* Collected data *
╔══

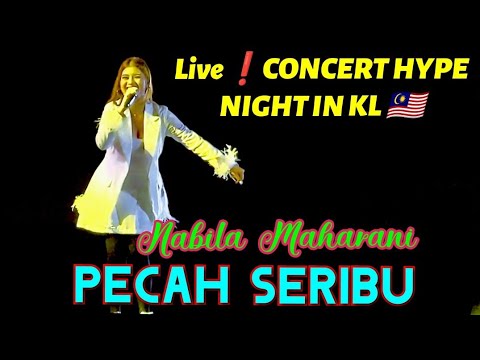 🔥Asikk😍NABILA MAHARANI - PECAH SERIBU✨Live Performances❗CONCERT HYPE NIGHT IN KL🇲🇾🔴Di SAWER Penonton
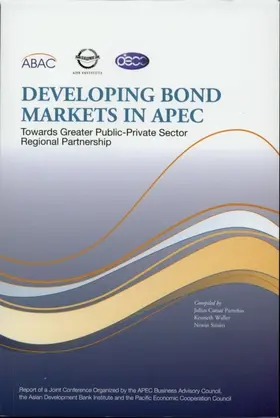 Parrenas / Waller / Sinsiri |  Developing Bond Markets in APEC | eBook | Sack Fachmedien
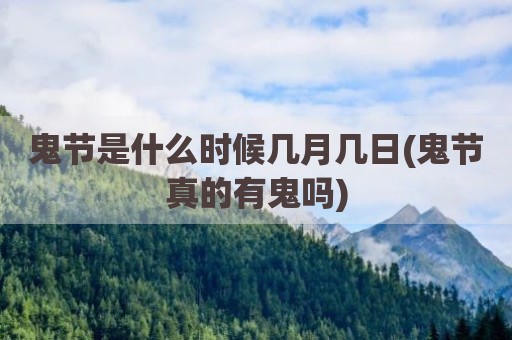 鬼节是什么时候几月几日(鬼节真的有鬼吗)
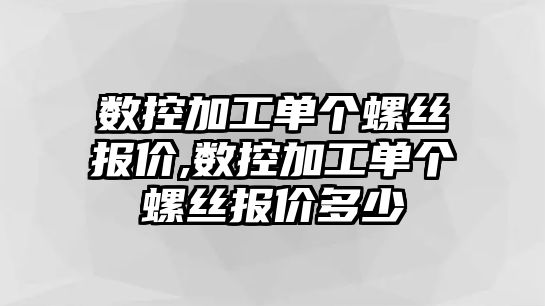 數控加工單個螺絲報價,數控加工單個螺絲報價多少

╚══

* Directions *
Return the lines of the data above in full and exactly, with no pictures.

* Solution for this exercise *
 🔥Asikk😍NABILA MAHARANI - PECAH SERIBU✨Live Performances❗CONCERT HYPE NIGHT IN KL🇲🇾🔴Di SAWER Penonton
 Parrenas / Waller / Sinsiri |  Developing Bond Markets in APEC | eBook | Sack Fachmedien
 鬼节是什么时候几月几日(鬼节真的有鬼吗)
 數控加工單個螺絲報價,數控加工單個螺絲報價多少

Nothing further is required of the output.